Without copying any picture, transcribe exactly the lines of the data below from the one containing "This is an image" through the one containing "9ct gold swan pendant brooch - Image 2".

(The data):
•••

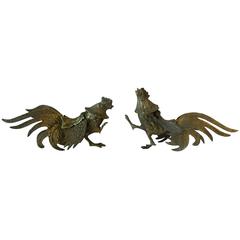 Retro Pair of Mid-Century Brass Rooster Cock Birds, 1960s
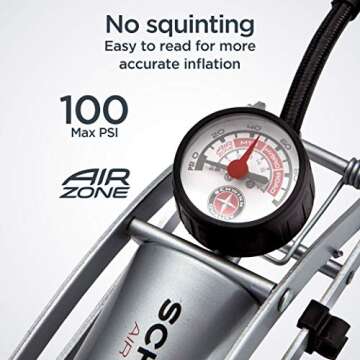 Schwinn Foot Operated Bike Pump Black, 16-Inch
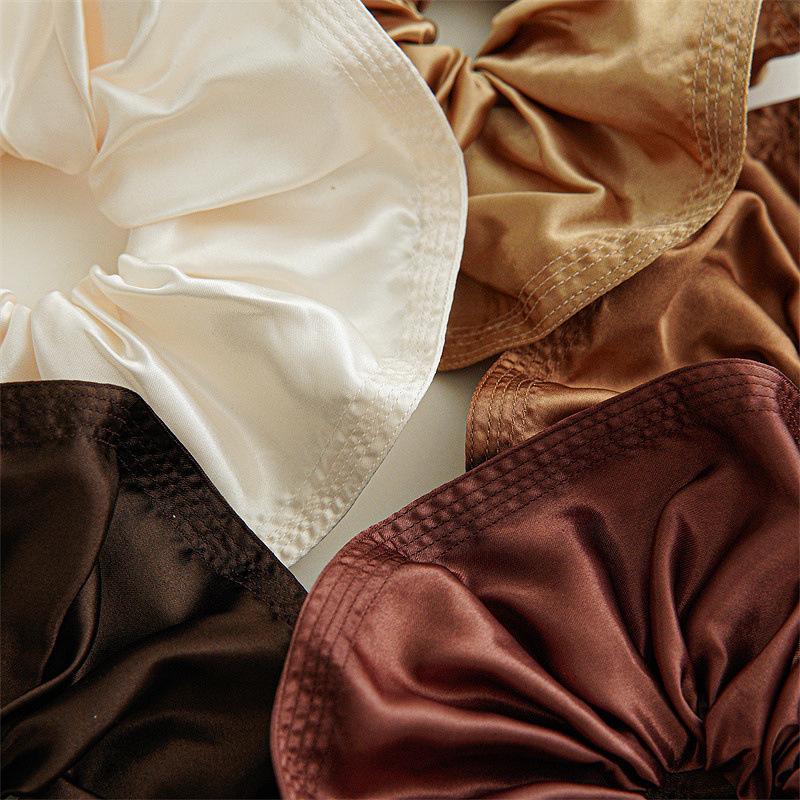 Oversized Solid Color Scrunchies Korean Satin Large Elastic Hairbands Hair Rings Rubber Band For Women Ponytail Hair Accessories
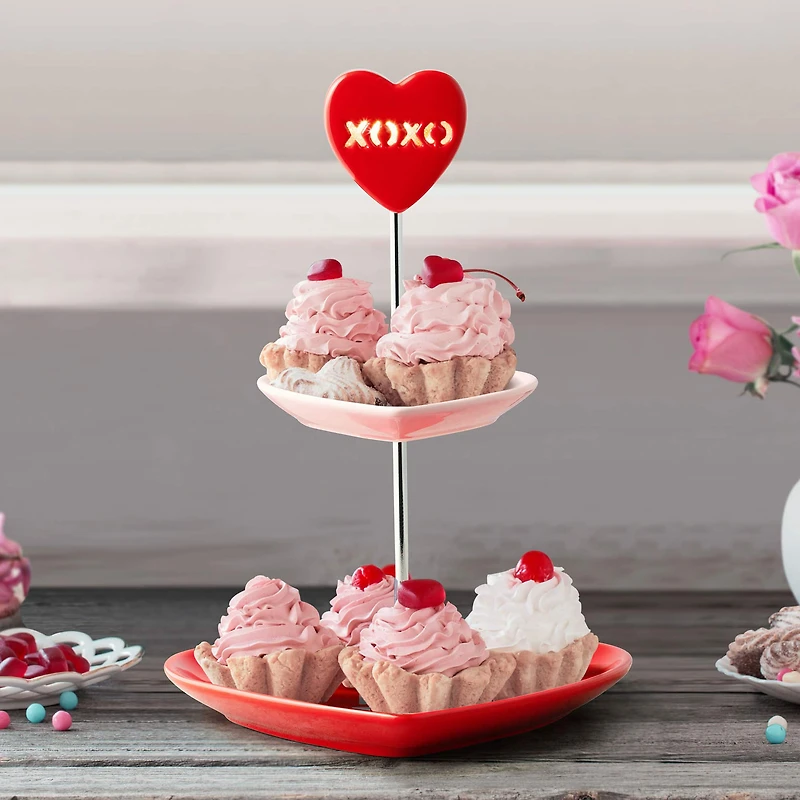 Miss Valentine Tiered Candy Heart Cupcake Plate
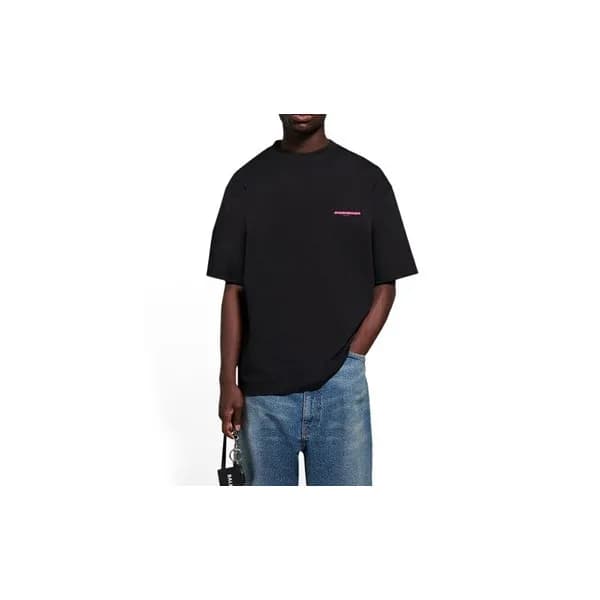 발렌시아가 남성 크루넥 블랙 반팔티 - Mens Black Tshirts - bal0166… - 1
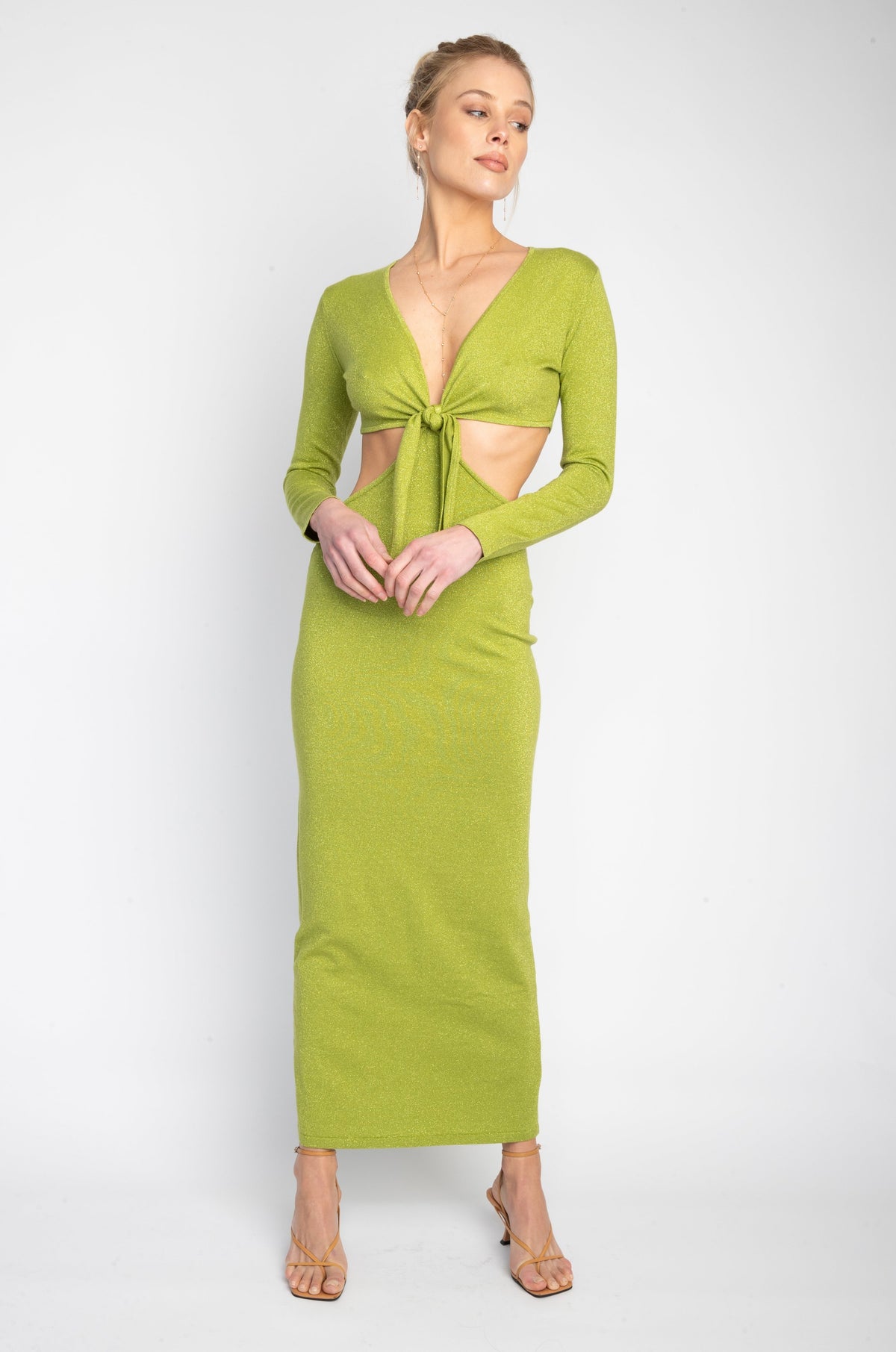 This is an image of Noelle Maxi - RESA featuring a model wearing the dress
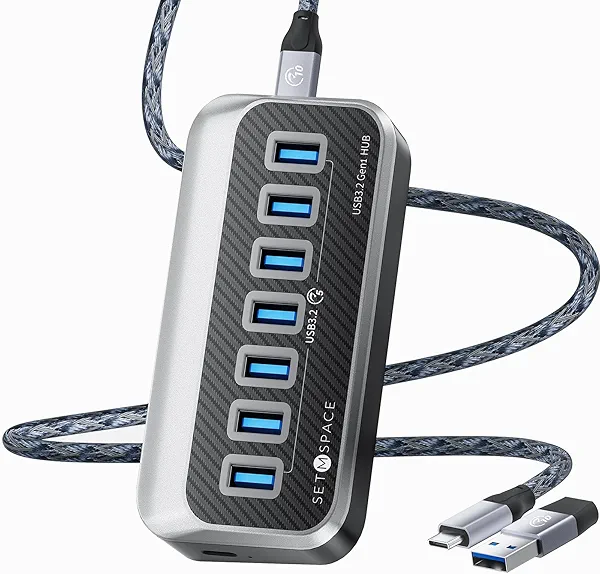 SETMSPACE USB Hub, 7 USB Expander with 32° Ergonomic Design, USB Multiport for Laptop- 1.64ft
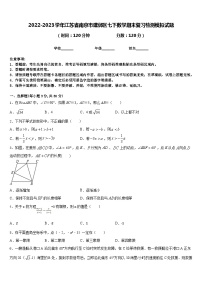 2022-2023学年江苏省南京市建邺区七下数学期末复习检测模拟试题含答案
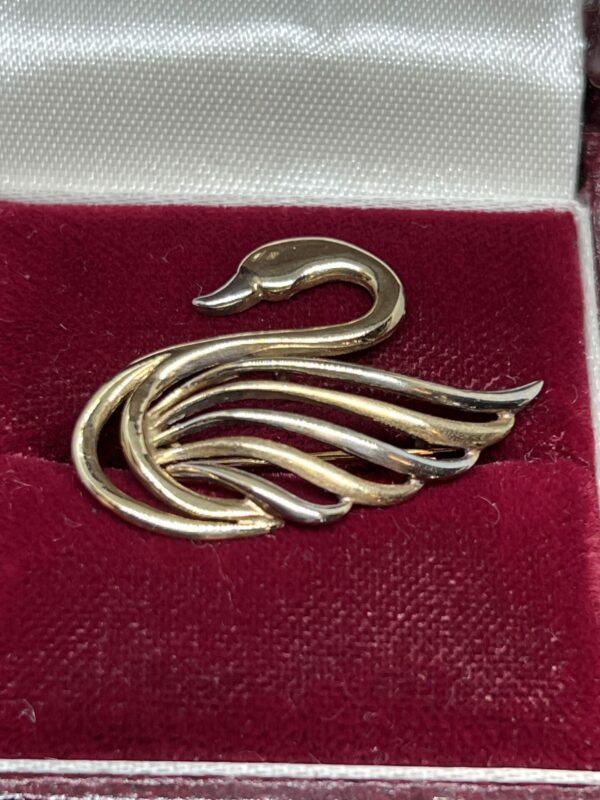 9ct gold swan pendant brooch - Image 2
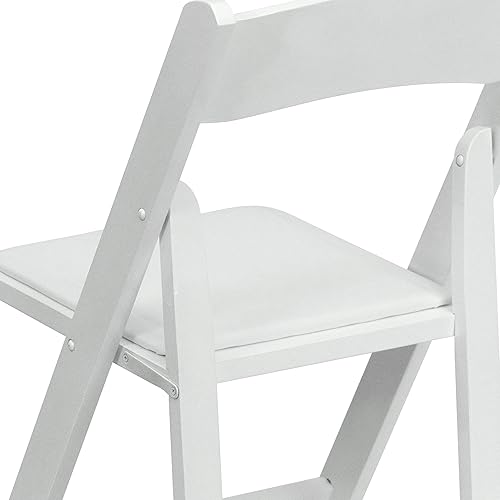 Miniatura 13 de Flash Furniture HERCULES Series - Silla plegable de madera blanca con asiento acolchado de vinilo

•••

(Exercise output):
 This is an image of Noelle Maxi - RESA featuring a model wearing the dress
 SETMSPACE USB Hub, 7 USB Expander with 32° Ergonomic Design, USB Multiport for Laptop- 1.64ft
 2022-2023学年江苏省南京市建邺区七下数学期末复习检测模拟试题含答案
 9ct gold swan pendant brooch - Image 2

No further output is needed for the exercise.